=== Begin Enclosure ===
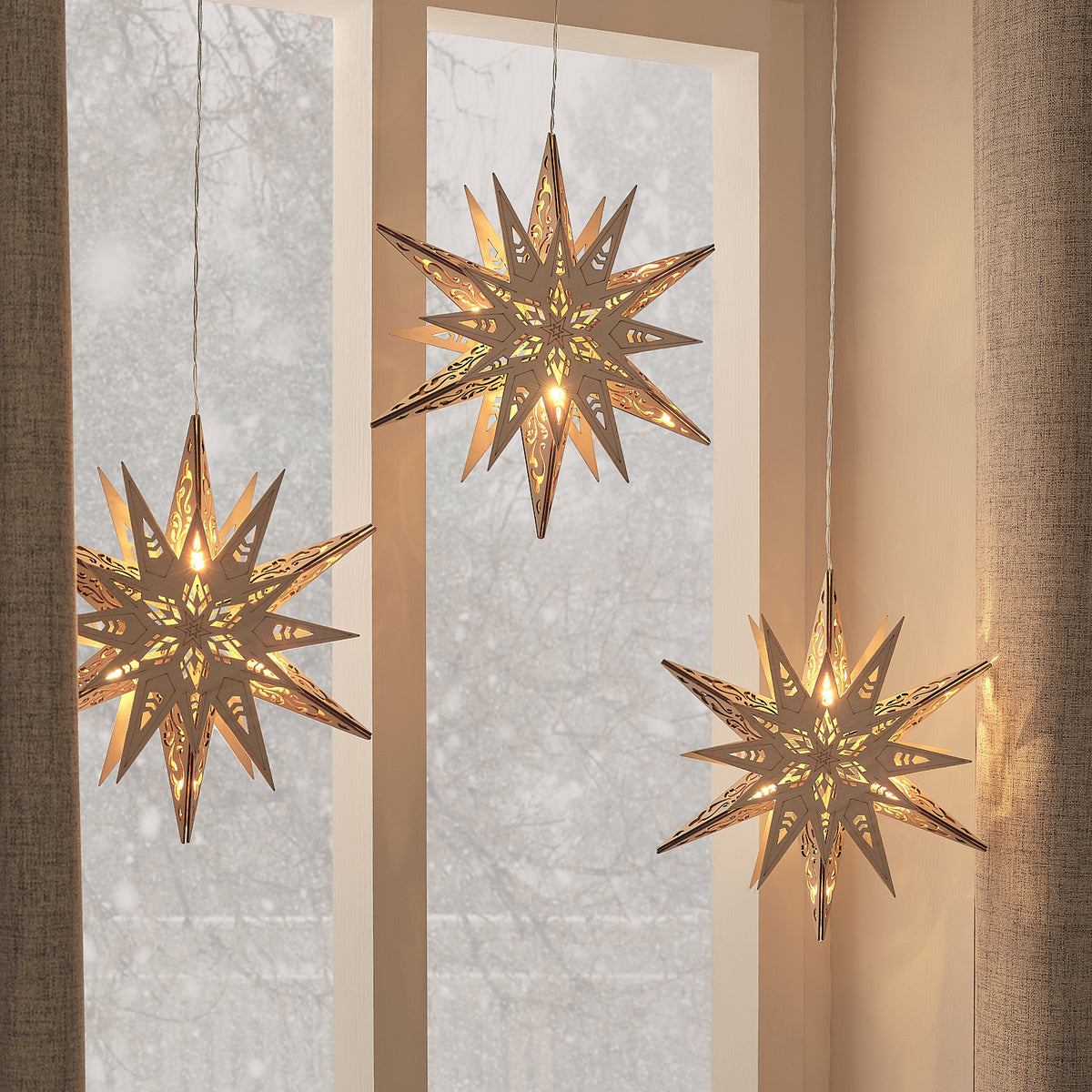 Étoile Lumineuse en Bois de 30 cm à Suspendre avec Télécommande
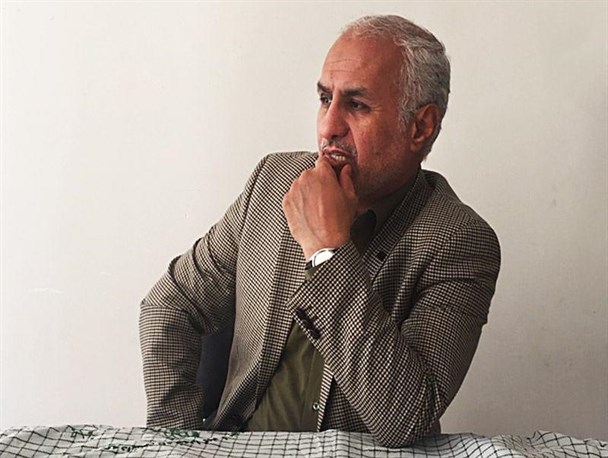 عده ای صبح تا شب اولویت های نظام را تغییر می دهند/ لزوم پیگیری مطالبات رهبری توسط مردم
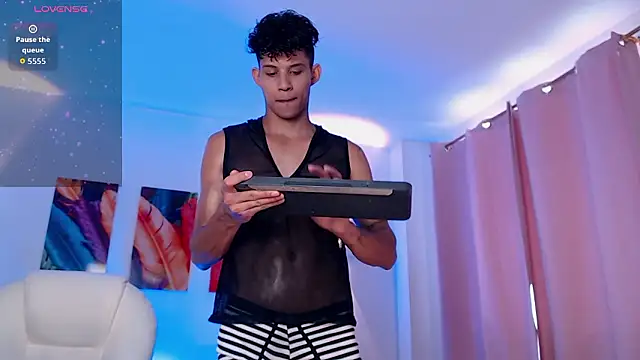 KamiSuarez online show from 03-20-26, 06:35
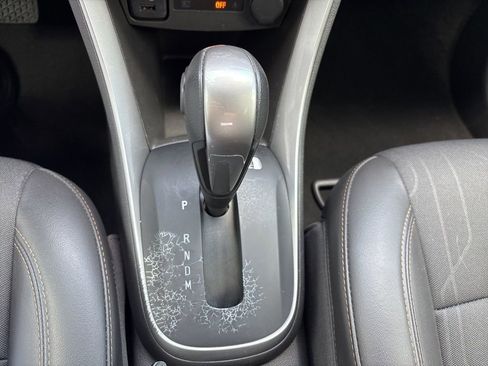 Used 2022 Chevrolet Trax LT w/ Midnight Edition FWD image 30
=== End Enclosure ===
* _Directions_
Please reproduce all the material exactly. Pictures stay out of the copy.

* _Exercise solution_
 Étoile Lumineuse en Bois de 30 cm à Suspendre avec Télécommande
 عده ای صبح تا شب اولویت های نظام را تغییر می دهند/ لزوم پیگیری مطالبات رهبری توسط مردم
 KamiSuarez online show from 03-20-26, 06:35
 Used 2022 Chevrolet Trax LT w/ Midnight Edition FWD image 30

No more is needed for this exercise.